While the adoption of the proposed Brexit transitional period by the EU27 leaders has been met with cautious optimism by business and politicians, the leading association representing the logistics industry in Ireland has expressed concern that the lack of certainty over the Irish border risks the country’s trading relationships, both at home, with the UK and the rest of the EU.

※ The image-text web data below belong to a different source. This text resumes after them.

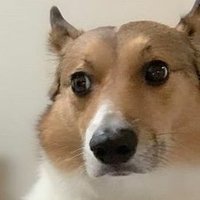 09 (@09_2sekai) 's Twitter Profile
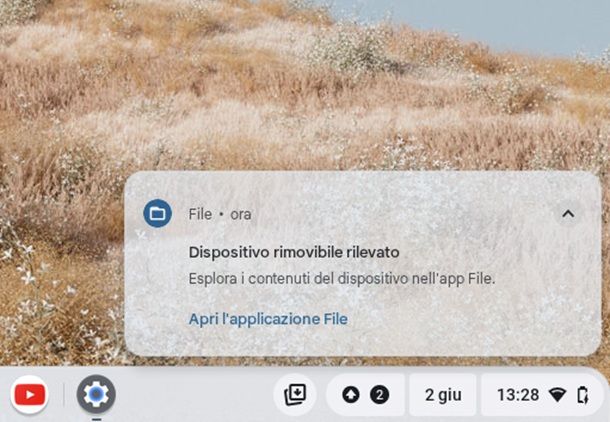 Come leggere scheda SD su PC: Linux e Chromebook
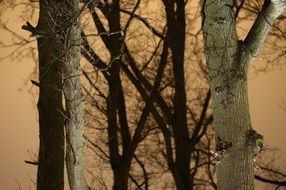 Tree Trunks Branches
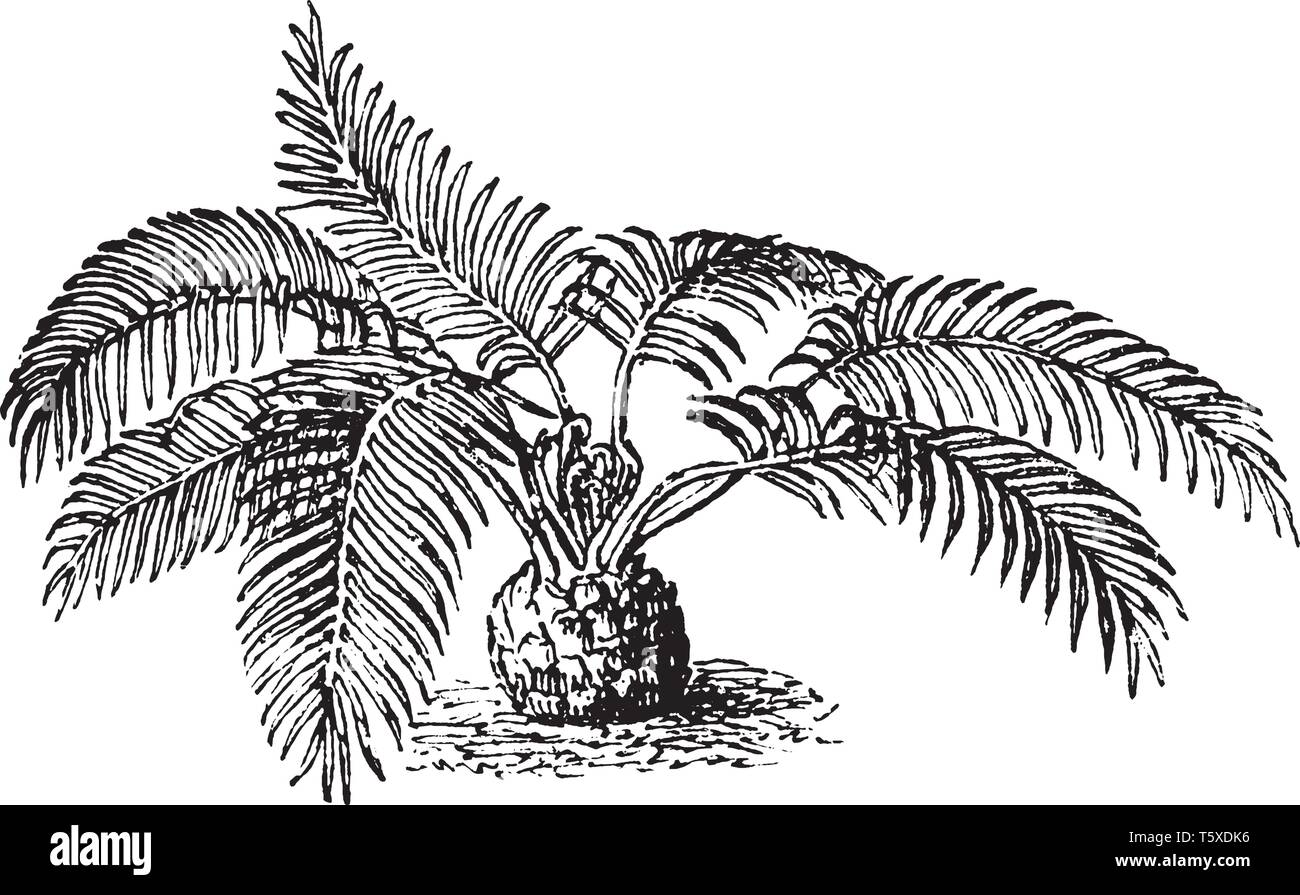 Ein Picuture der Farn Pflanze. Die Einige fern sind für Lebensmittel, Medikamente oder als Zierpflanzen, vintage Strichzeichnung oder Gravur Abbildung verwendet. Stock Vektor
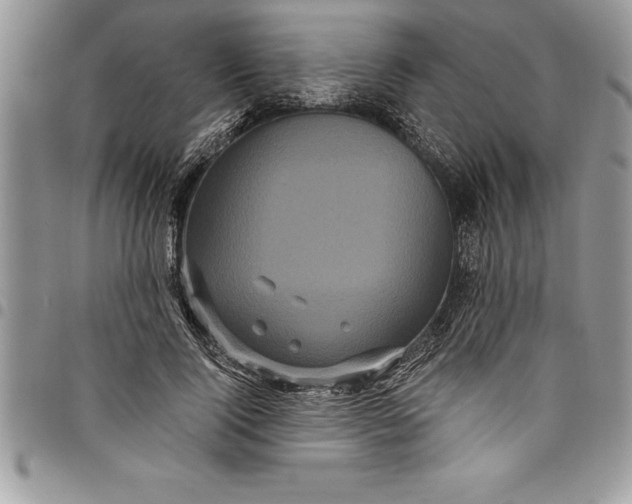 X0000097890740200803281245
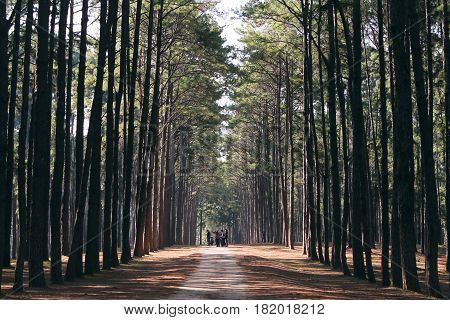 Wooded forest trees backlit by golden sunlight before sunset with sun rays pouring through trees on forest floor illuminating tree branches. Vintage effect style pictures.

The Freight Transport Association of Ireland (FTAI), which is the most active membership association for the country’s logistics businesses, says that today’s guidelines adopted by the European Council open various avenues for potential customs and regulatory solutions, but anticipate that controls and checks on both sides of the border between the UK and EU will be unavoidable. In addition, FTAI says, the guidelines do not go far enough in providing guarantees to businesses looking for reassurance on future trading arrangements: the outcome could be damaging to deeply integrated supply chains, which often rely on just-in time production processes.
“Goods moves seamlessly across our borders today,” explains Aidan Flynn, General Manager of FTAI, “with only minimal customs checks and no need for lengthy inspections at the borders that can delay the process. Even a small delay of two additional minutes per truck could result in tailbacks of 29 miles or 47 kilometres at the borders during peak hours, as demonstrated last week in research published by London’s Imperial College. This would create
uncertainty and potential damage to deeply integrated and time sensitive supply chains.

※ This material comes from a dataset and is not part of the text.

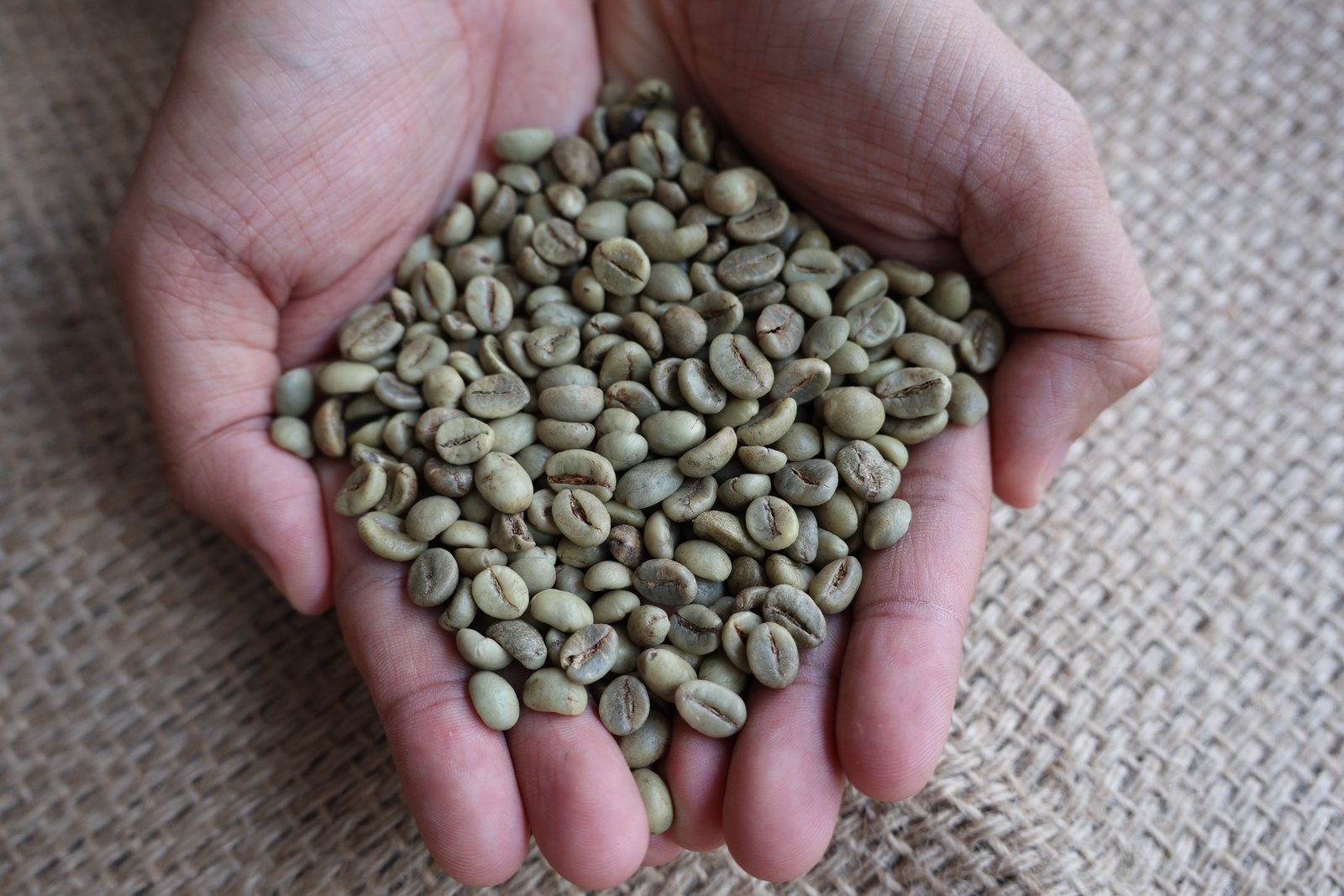 Robusta S18 Wet Polished image 5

“Throughout the negotiating process to date, FTAI has been very clear on the need to ensure no barriers to trade with the European Union, and this includes checks imposed on trade at the border, as well as non-tariff barriers and red tape for traders and logistics companies alike. Ireland’s supply chain is finely balanced and delays experienced by logistics operators while transiting between countries will increase costs, making goods and services more expensive to the end user. This is something which FTAI has been lobbying hard to avoid.
“The guidelines touch upon potential solutions to reduce frictions at the borders, but also make it clear that checks and controls will be unavoidable; limiting non-tariff barriers is favoured by the proposals, but these also mention cumbersome rules of origins and fall short of giving guarantees to traders. To protect trading relationships and deeply connected supply chains, FTAI is urging both negotiating teams to bear in mind the effect of potential delays on economies on the two sides, and to prioritise the scrapping of potential barriers as negotiations on the future relationship start.

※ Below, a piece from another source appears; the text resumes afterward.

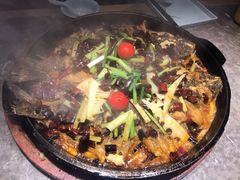 老板恋上鱼-老板恋上鱼(恒隆广场店)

“The Irish border issue is a complex one, with many business relationships dependent on a successful conclusion which keeps delays to a minimum. We are under no illusions that negotiations will be complicated and difficult, and we hope that it sits at the top of the agenda when talks resume next week. The uncertainty which businesses are having to operate, without clear direction on future trading relationships is having a destabilising effect which is, and will, stifle future growth in logistics. Politicians owe it to freight operators across Ireland to prioritise the issue as the talks move forwards: two and half years, the time between now and the end of the transition period, is a tiny period of time in business terms, considering the scale of the challenge.”